I'm trying to avoid one of those long posts that I know most people just skip over, so I'd be happy to provide further details that others might find helpful or relevant. However, my essential question to the community is whether others have dealt with similar issues, and how they have been able to move past them. Thanks in advance to anyone who responds, and I look forward to becoming a productive member of the community.

Hm. As an anxiety sufferer, I would probably say that a lot of us deal with issues related to this in some way as a part of our disorder. For me, it does bring to mind feelings that I would sometimes have regarding not wanting to make a fool of myself, and thinking I might ahead of time which includes feeling guilty or shameful or embarrassed, and I would have already thought it through plenty. For me this was an issue a while ago, but nowadays I actively try to make good decisions with taking into account the future, as I do not want things to come back to haunt me, as it were.

Whilst most of my thoughts today are not shame or guilt, I do conceptualise everything, it's something most of us share here I would say - it is very exhausting I agree. Your mind has just gone down a day dream about what would happen but then this happen or if this happens oh no and then all of a sudden you realise you've been staring at the wall in a worry day dream thinking about things that haven't even happened or probably won't ever happen! I come out of it, take a deep sigh and think to myself what was all that about? Stop it!

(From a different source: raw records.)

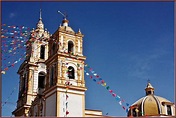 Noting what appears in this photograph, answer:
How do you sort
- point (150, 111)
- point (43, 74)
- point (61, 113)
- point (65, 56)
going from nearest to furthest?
point (61, 113)
point (65, 56)
point (43, 74)
point (150, 111)

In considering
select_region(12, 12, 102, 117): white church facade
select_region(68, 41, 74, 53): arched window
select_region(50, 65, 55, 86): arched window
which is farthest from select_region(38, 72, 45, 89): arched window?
select_region(68, 41, 74, 53): arched window

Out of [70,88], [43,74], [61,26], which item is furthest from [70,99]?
[43,74]

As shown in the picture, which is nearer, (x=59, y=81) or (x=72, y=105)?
(x=72, y=105)

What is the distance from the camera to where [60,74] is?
22547mm

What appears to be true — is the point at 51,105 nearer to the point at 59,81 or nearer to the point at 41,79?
the point at 59,81

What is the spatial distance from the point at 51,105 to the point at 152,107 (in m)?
14.0

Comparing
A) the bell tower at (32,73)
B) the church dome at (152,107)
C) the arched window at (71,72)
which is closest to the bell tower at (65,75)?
the arched window at (71,72)

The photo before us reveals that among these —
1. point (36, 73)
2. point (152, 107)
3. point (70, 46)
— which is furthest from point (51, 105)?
point (152, 107)

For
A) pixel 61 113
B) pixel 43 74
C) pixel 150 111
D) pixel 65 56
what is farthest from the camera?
pixel 150 111

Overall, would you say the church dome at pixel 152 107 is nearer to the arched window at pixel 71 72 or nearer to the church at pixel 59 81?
the church at pixel 59 81

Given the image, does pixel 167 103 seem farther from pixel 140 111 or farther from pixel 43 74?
pixel 43 74

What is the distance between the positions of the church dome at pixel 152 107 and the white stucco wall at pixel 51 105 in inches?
449

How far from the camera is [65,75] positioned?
22.7m

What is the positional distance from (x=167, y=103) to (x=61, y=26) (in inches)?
581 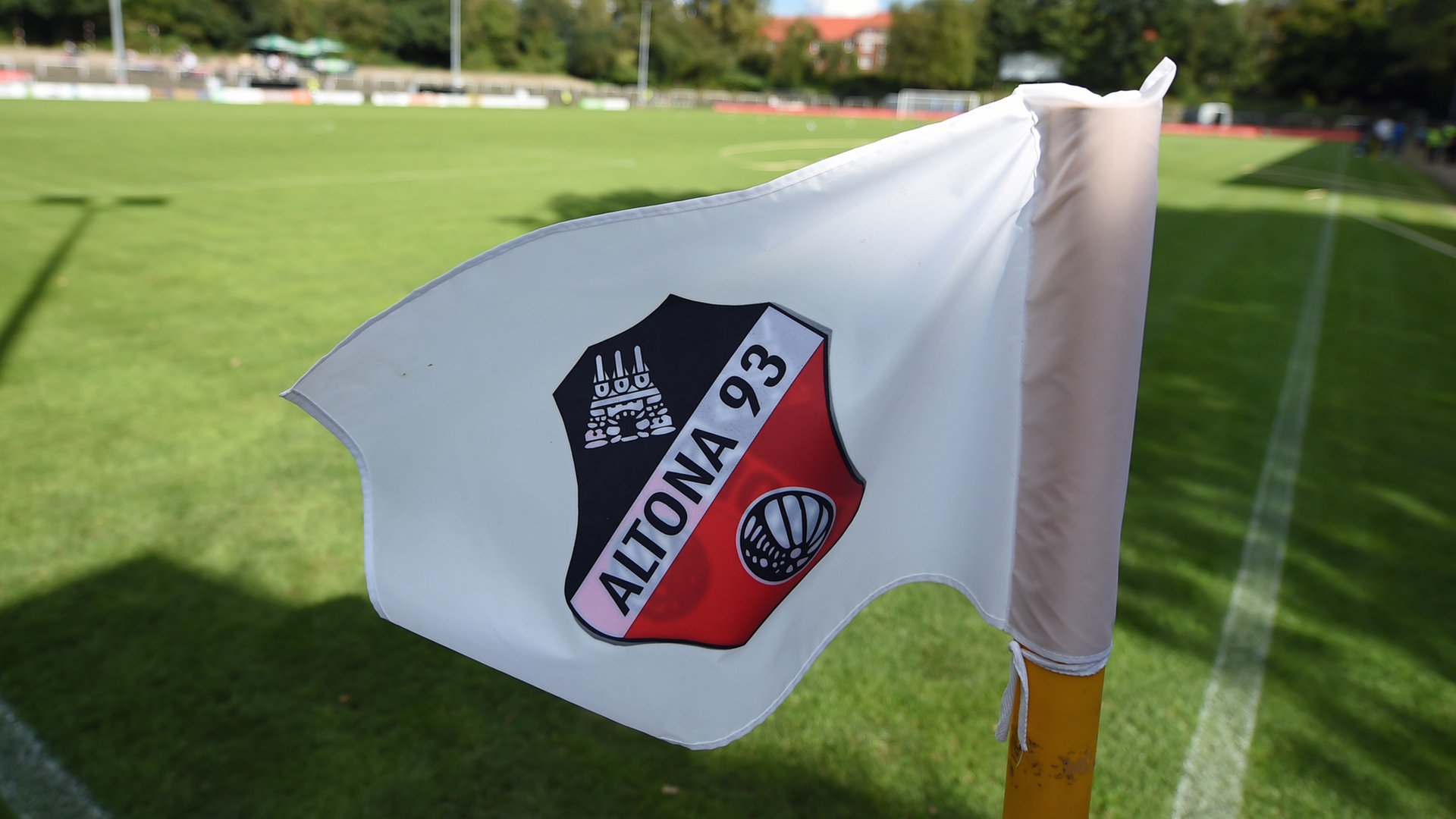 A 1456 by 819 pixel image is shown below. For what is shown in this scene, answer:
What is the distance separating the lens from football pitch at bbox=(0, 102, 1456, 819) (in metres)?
2.91

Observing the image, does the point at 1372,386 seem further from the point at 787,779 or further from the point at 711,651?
the point at 711,651

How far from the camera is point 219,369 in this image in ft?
21.3

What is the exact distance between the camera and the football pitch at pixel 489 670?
291cm

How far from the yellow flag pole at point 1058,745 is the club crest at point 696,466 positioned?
19.1 inches

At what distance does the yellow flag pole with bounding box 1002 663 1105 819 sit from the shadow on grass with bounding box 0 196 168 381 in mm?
7072

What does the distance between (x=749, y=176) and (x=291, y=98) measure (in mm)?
31078

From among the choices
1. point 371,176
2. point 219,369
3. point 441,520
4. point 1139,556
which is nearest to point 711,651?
point 441,520

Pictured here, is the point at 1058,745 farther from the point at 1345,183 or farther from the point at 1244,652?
the point at 1345,183

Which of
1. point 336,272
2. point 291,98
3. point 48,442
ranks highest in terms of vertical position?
point 291,98

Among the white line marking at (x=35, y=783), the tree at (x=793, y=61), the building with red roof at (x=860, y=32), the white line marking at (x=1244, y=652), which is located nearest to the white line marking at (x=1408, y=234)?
the white line marking at (x=1244, y=652)

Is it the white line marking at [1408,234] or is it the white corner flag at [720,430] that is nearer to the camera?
the white corner flag at [720,430]

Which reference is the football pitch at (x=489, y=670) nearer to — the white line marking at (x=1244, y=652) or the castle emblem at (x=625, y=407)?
the white line marking at (x=1244, y=652)

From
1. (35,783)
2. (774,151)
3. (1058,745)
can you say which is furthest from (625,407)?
(774,151)

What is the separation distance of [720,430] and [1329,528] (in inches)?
183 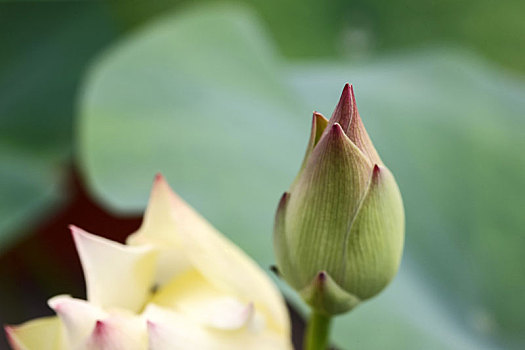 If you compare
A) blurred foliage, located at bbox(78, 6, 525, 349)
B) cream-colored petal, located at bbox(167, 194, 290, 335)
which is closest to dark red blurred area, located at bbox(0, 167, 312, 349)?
blurred foliage, located at bbox(78, 6, 525, 349)

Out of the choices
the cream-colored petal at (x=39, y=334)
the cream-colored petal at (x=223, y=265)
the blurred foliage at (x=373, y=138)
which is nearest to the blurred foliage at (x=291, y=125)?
the blurred foliage at (x=373, y=138)

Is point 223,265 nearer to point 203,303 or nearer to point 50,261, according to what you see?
point 203,303

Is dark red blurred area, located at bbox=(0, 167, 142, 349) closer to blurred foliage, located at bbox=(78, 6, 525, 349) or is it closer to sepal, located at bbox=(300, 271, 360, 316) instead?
blurred foliage, located at bbox=(78, 6, 525, 349)

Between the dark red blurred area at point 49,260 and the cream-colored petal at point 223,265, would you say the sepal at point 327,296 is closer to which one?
the cream-colored petal at point 223,265

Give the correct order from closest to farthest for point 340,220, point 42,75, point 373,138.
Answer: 1. point 340,220
2. point 373,138
3. point 42,75

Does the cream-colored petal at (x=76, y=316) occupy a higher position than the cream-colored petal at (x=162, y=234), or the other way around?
the cream-colored petal at (x=162, y=234)

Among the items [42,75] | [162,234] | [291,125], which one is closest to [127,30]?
[42,75]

It's a battle with trying to know our own personal triggers, it's not a case of always avoiding them, but learning how to deal with them. I'm a huge over thinker, I pace around the room and I have always done that and people around me hate it haha but its when I'm thinking, conceptualising, worrying.

Enduronman
12-18-2013, 04:14 PM
"Most of it is centered around my job (which is, ironically, in the healthcare field), and I'm having a hard time dealing with it." However, my essential question to the community is whether others have dealt with similar issues, and how they have been able to move past them?

Hey Mark, (newbie, yay!)

Stupid questions?
1. What is your personality type?
2. Explain the "shame" thing briefly.
3. Do you seem to "feel" for other people or "feel" how they feel?

E-Man..:)

JustAnotherMe
12-18-2013, 05:39 PM
Hey buddy,

Short answers as still ill as hell but feel free to expand upon what triggers you off. And what currently helps with those current triggers. There's a lot of experience here so I'm sure we can share ideas and go from there.

Lee Grant Irons
12-18-2013, 08:27 PM
Hi Mark,

I hope this is what your talking about. If not, just ignore the following. LOL

My mind also follows the track into the future on likely bad scenarios at work. And the thing is that I am usually right. LOL Really, what matters most in the work environment is how you handle your precognition and how you communicate it to other people in order to try and prevent bad things from happening at work. If you freak out and start yelling, then would not be good. If you explain that you think thee is a problem in a reasonable tone of voice, then people are more likely to listen to you. Finally, you need to depend on the management chain at work. Ultimately, you don;t make all the decisions at work. Other people have to make their own decisions, and some decisions are made by your managers. So, along with all of this, you should not take shame upon yourself if you have done your best to provide actionable advice to your management chain and they make a different decision other than you advise. It is not your fault.